*Exercise directions*
Transcribe only what runs from the line containing "Fleisch Geflügel" through the end of the listing, line for line and exactly, and omit the pictures.

*Records for the task*
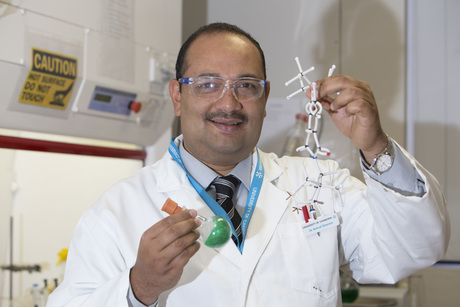 Commercialisation agreement for Canberra's synthetic catalyst Canberra
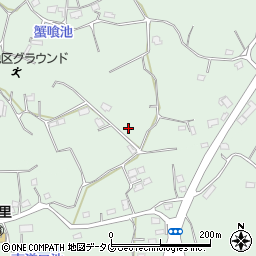 熊本県荒尾市水野648周辺の地図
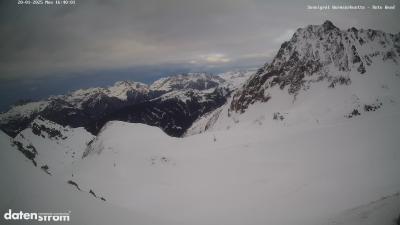 Wormser Hütte – Rote Wand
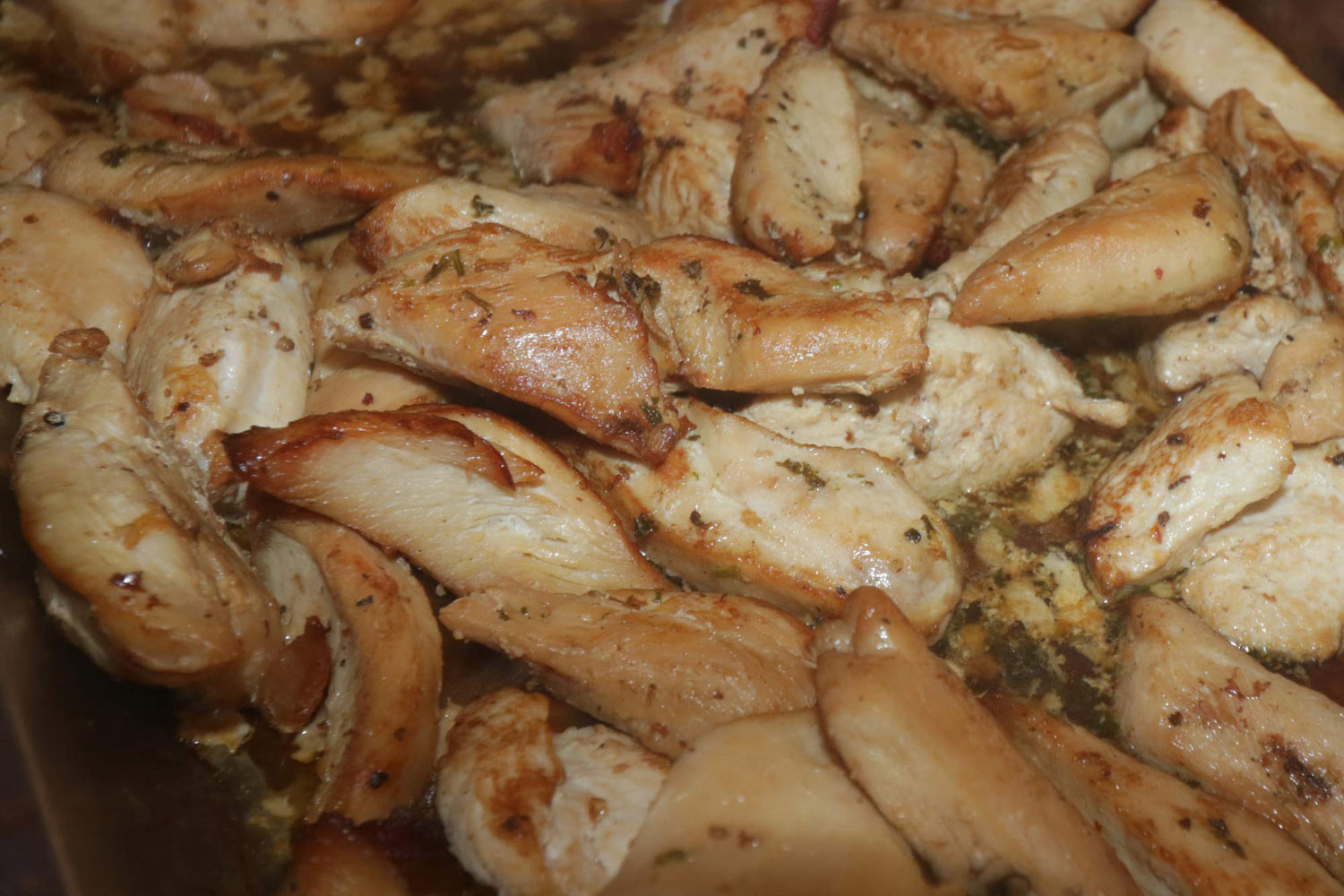 Fleisch Geflügel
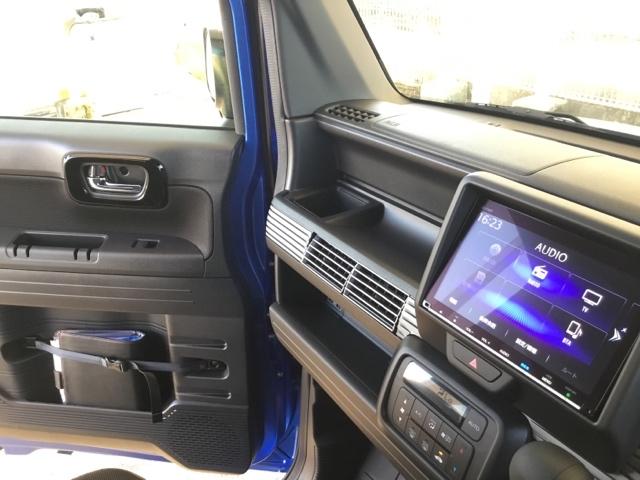 Ｎ－ＶＡＮ＋スタイル ファン　クルコン　バックカメラ　純正ナビ　フルセグ　追突軽減ブレーキ　Ｂカメ　キーフリー　ＷＳＲＳ　ＤＶＤ再生　ＬＥＤヘッドランプ　運転席エアバッグ　スマートキー　クルーズコントロール　パワーウィンドー　ＰＳ（23枚目）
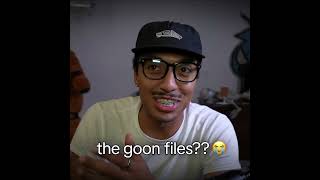 RELEASE THE GOON FILES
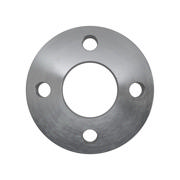 Flanges, Carbon, EN 1092-1, Loose plate flange, T:04, PN10-40, A, DN40, 48,3, P250GH, 1.0460, 
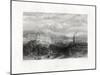 Liege, Belgium, 19th Century-W Miller-Mounted Giclee Print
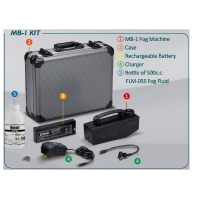 MB-1 배터리 포그머신의 소모품입니다.
배터리, 충전기세트,더미배터리&전원어댑터를 구매하실 수 있습니다.
옵션을 클릭하셔서 소모품을 선택해주세요.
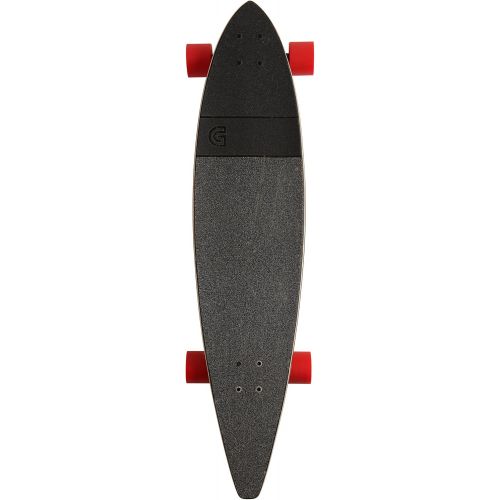  GoldCoast Skateboard - Complete Longboard - Span Pintail 40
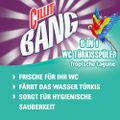 Zusatzbild WC-Duftspüler Cillit-Bang 6 in 1 Türkisspüler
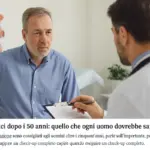 Esami urologici dopo i 50 anni: quello che ogni uomo dovrebbe sapere prima
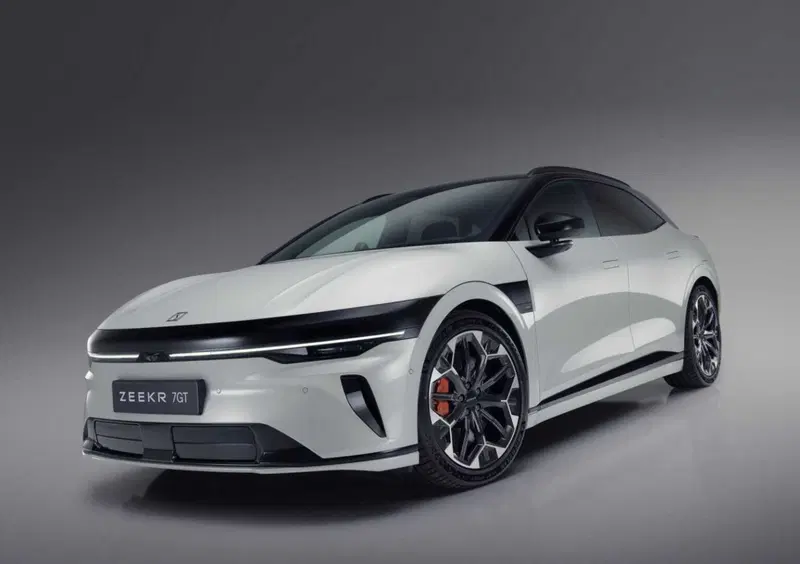 Zeekr 7GT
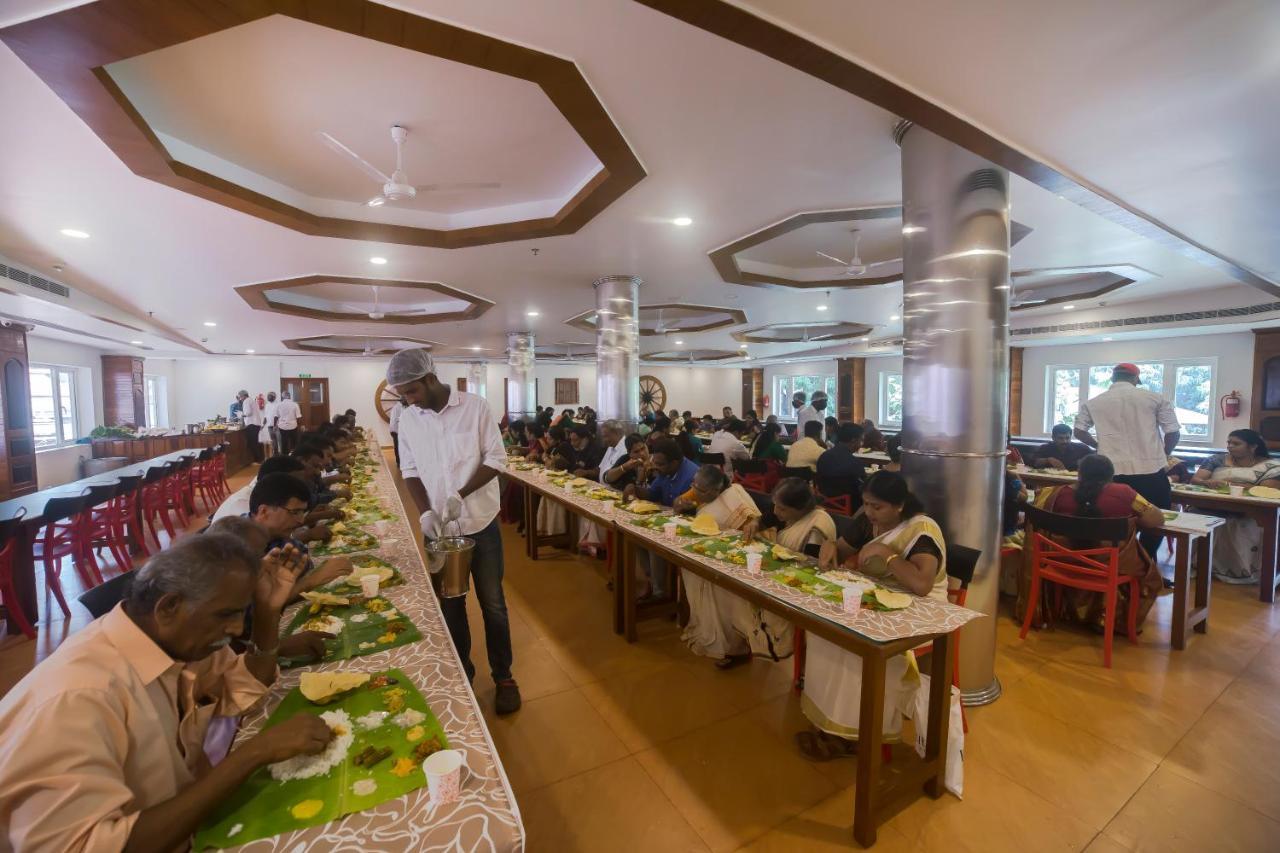Hotel Guruvayur Darshan Eksteriør bilde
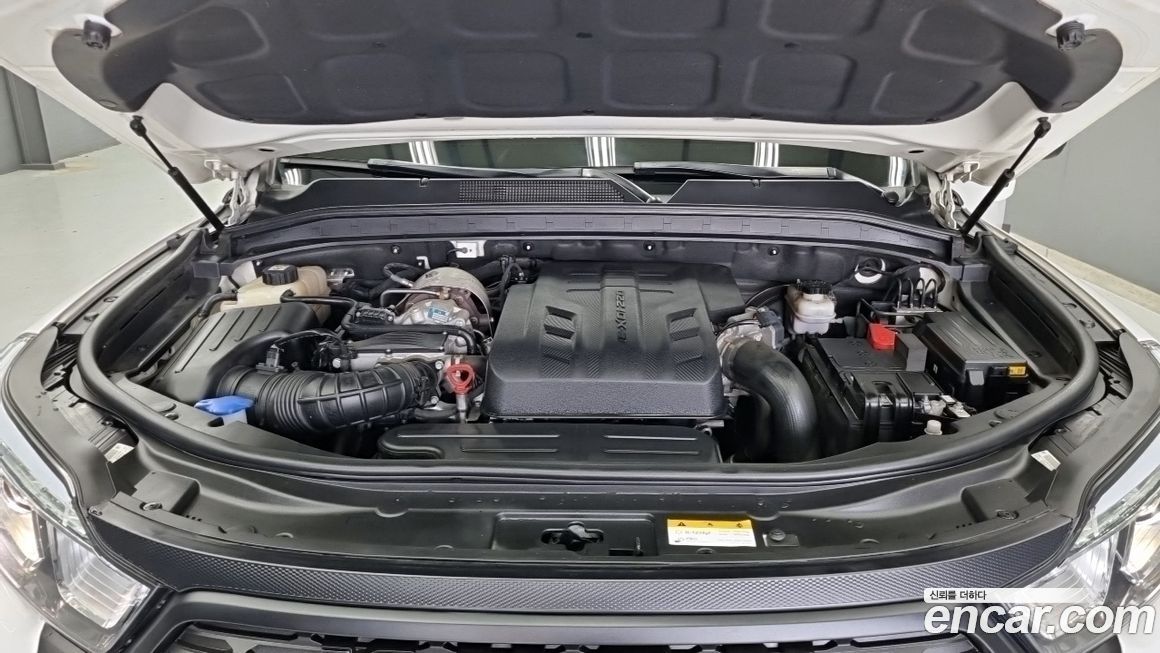 KG_Mobility_Ssangyong Rexton 2022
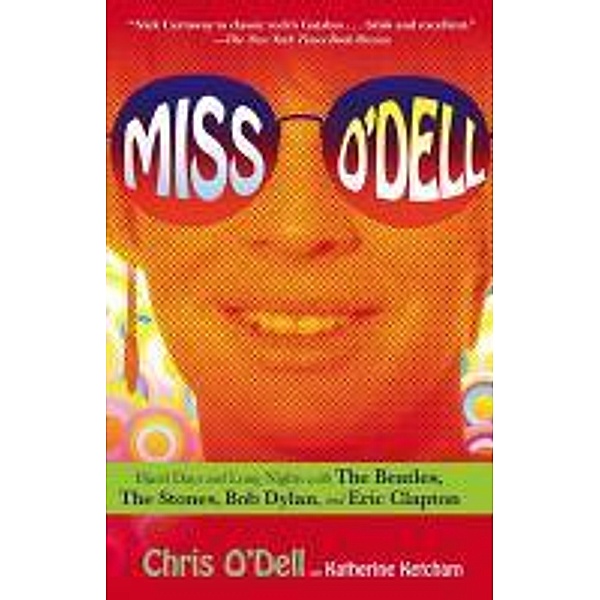 Miss O'Dell, Chris O'Dell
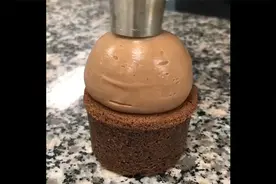 【美食】热量爆炸！千奇百怪的糕点甜品，国外美食集锦73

*Written answer*
 Fleisch Geflügel
 Ｎ－ＶＡＮ＋スタイル ファン　クルコン　バックカメラ　純正ナビ　フルセグ　追突軽減ブレーキ　Ｂカメ　キーフリー　ＷＳＲＳ　ＤＶＤ再生　ＬＥＤヘッドランプ　運転席エアバッグ　スマートキー　クルーズコントロール　パワーウィンドー　ＰＳ（23枚目）
 RELEASE THE GOON FILES
 Flanges, Carbon, EN 1092-1, Loose plate flange, T:04, PN10-40, A, DN40, 48,3, P250GH, 1.0460, 
 Liege, Belgium, 19th Century-W Miller-Mounted Giclee Print
 MB-1 배터리 포그머신의 소모품입니다.
배터리, 충전기세트,더미배터리&전원어댑터를 구매하실 수 있습니다.
옵션을 클릭하셔서 소모품을 선택해주세요.
  GoldCoast Skateboard - Complete Longboard - Span Pintail 40
 Zusatzbild WC-Duftspüler Cillit-Bang 6 in 1 Türkisspüler
 Esami urologici dopo i 50 anni: quello che ogni uomo dovrebbe sapere prima
 Zeekr 7GT
Hotel Guruvayur Darshan Eksteriør bilde
 KG_Mobility_Ssangyong Rexton 2022
 Miss O'Dell, Chris O'Dell
 【美食】热量爆炸！千奇百怪的糕点甜品，国外美食集锦73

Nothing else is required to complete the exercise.